In particolare, nel caso deciso dalla sentenza la concorrente che aveva richiesto l’accesso – terza in graduatoria – non avrebbe, comunque, conseguito il primo posto in graduatoria, neanche se alla sua offerta fossero stati assegnati tutti i 15 punti previsti per gli unici due aspetti dell’offerta tecnica per i quali l’aggiudicataria aveva negato l’accesso proprio in ragione della sussistenza di segreti industriali.
E tale constatazione è, ad avviso del Consiglio di Stato, sufficiente a dimostrare l’assenza dell’interesse all’accesso.
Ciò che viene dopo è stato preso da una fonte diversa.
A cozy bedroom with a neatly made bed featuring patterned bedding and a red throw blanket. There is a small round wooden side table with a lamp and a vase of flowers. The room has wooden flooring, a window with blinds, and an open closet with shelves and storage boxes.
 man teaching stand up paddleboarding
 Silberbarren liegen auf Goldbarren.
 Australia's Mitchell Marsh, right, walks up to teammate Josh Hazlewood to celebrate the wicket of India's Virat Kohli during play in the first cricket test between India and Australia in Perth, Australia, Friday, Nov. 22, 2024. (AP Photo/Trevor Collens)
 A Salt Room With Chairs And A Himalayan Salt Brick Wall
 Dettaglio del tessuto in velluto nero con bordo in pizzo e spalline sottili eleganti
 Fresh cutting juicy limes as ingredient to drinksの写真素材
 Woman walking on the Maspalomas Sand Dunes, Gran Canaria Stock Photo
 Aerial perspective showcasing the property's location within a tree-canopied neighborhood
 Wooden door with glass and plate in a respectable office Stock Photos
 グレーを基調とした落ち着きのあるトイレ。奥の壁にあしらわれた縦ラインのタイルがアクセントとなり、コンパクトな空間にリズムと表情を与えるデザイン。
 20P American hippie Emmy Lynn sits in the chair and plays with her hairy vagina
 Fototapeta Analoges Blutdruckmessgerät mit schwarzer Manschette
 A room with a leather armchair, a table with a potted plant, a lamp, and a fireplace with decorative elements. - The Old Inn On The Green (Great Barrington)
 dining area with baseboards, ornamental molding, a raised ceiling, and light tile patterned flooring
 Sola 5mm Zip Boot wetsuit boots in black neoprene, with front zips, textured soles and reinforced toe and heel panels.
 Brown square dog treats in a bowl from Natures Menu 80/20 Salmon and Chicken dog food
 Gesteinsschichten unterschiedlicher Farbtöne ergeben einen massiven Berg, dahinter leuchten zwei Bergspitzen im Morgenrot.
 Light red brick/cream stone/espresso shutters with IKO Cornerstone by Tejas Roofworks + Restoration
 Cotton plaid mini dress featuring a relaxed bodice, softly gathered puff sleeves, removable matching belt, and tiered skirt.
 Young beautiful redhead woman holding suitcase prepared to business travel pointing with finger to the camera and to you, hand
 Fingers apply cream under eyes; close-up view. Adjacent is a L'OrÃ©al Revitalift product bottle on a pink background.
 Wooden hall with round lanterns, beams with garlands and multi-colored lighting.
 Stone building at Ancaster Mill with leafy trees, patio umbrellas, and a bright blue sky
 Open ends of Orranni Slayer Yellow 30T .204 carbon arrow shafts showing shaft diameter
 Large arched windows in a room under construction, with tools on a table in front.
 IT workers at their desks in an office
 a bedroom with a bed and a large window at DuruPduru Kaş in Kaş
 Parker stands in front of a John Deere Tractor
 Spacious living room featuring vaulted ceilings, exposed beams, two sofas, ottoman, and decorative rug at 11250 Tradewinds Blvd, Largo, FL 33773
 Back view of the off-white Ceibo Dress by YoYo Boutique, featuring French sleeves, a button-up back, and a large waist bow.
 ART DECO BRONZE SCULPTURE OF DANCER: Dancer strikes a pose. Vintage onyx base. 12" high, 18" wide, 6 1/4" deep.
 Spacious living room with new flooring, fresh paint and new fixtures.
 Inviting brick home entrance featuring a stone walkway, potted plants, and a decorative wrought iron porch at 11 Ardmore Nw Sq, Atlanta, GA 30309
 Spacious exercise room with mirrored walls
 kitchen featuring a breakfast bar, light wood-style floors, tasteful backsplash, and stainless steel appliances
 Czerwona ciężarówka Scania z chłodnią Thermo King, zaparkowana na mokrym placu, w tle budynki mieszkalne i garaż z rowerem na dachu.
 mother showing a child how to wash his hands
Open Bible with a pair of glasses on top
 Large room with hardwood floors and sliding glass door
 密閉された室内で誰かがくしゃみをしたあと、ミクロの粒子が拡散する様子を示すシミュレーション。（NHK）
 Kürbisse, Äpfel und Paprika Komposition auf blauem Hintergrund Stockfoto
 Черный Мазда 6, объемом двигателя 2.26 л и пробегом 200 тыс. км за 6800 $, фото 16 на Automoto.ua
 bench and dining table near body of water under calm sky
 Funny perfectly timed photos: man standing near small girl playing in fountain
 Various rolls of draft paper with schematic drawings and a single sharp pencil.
Come si esporrà di seguito, il rigore di tale decisione potrebbe spiegarsi alla luce delle peculiarità del caso concreto, che riguardava non già un integrale diniego all’accesso dell’offerta aggiudicataria, bensì un diniego circoscritto solo a parti ben delimitate dell’offerta, e soprattutto, riguardava parti dell’offerta rispetto alle quali era addirittura possibile ricostruire ex ante il massimo punteggio astrattamente attribuibile dalla Commissione.
Si ritiene che le conclusioni potrebbero essere invece diverse, tanto più sia ampia la parte dell’offerta sottratta all’accesso o tanto più sia difficile determinare ex ante la possibile variazione dei punteggi per effetto dell’accesso alle offerte e della conoscenza degli eventuali vizi che affliggono queste ultime. In tutti questi casi, infatti, l’onere della prova dell’interesse all’accesso dovrebbe necessariamente divenire meno stringente, a meno di non voler pregiudicare l’effettività della tutela giurisdizionale.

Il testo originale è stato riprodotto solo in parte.